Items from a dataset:
▬▬▬▬▬▬

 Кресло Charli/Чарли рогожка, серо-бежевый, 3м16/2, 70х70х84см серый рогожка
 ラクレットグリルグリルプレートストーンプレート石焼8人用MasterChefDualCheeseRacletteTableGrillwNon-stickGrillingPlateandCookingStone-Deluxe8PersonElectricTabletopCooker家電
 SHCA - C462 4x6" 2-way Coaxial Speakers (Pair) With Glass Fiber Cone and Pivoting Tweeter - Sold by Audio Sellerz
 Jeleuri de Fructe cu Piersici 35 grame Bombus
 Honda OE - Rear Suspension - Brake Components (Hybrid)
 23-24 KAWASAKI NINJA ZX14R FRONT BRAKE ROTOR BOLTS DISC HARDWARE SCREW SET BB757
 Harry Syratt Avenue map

▬▬▬▬▬▬

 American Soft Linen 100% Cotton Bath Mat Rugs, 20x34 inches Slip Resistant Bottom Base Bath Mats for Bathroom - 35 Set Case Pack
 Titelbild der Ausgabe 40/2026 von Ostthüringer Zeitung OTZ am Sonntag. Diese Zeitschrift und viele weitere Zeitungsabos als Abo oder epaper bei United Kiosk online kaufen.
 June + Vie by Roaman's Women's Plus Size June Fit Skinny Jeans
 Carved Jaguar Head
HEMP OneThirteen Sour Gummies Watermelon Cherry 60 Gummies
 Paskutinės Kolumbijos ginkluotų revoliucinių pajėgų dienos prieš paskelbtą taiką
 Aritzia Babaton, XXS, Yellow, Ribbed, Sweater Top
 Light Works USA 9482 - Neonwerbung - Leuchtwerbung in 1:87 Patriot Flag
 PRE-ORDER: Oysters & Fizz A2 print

▬▬▬▬▬▬

[YOUR INSTRUCTIONS] Could you return exactly the lines above from the line with "Кресло Charli/Чарли рогожка, серо-бежевый, 3м16/2, 70х70х84см" to the line with "Harry Syratt Avenue map", both included, and nothing else?

[SOLUTION BELOW]
 Кресло Charli/Чарли рогожка, серо-бежевый, 3м16/2, 70х70х84см серый рогожка
 ラクレットグリルグリルプレートストーンプレート石焼8人用MasterChefDualCheeseRacletteTableGrillwNon-stickGrillingPlateandCookingStone-Deluxe8PersonElectricTabletopCooker家電
 SHCA - C462 4x6" 2-way Coaxial Speakers (Pair) With Glass Fiber Cone and Pivoting Tweeter - Sold by Audio Sellerz
 Jeleuri de Fructe cu Piersici 35 grame Bombus
 Honda OE - Rear Suspension - Brake Components (Hybrid)
 23-24 KAWASAKI NINJA ZX14R FRONT BRAKE ROTOR BOLTS DISC HARDWARE SCREW SET BB757
 Harry Syratt Avenue map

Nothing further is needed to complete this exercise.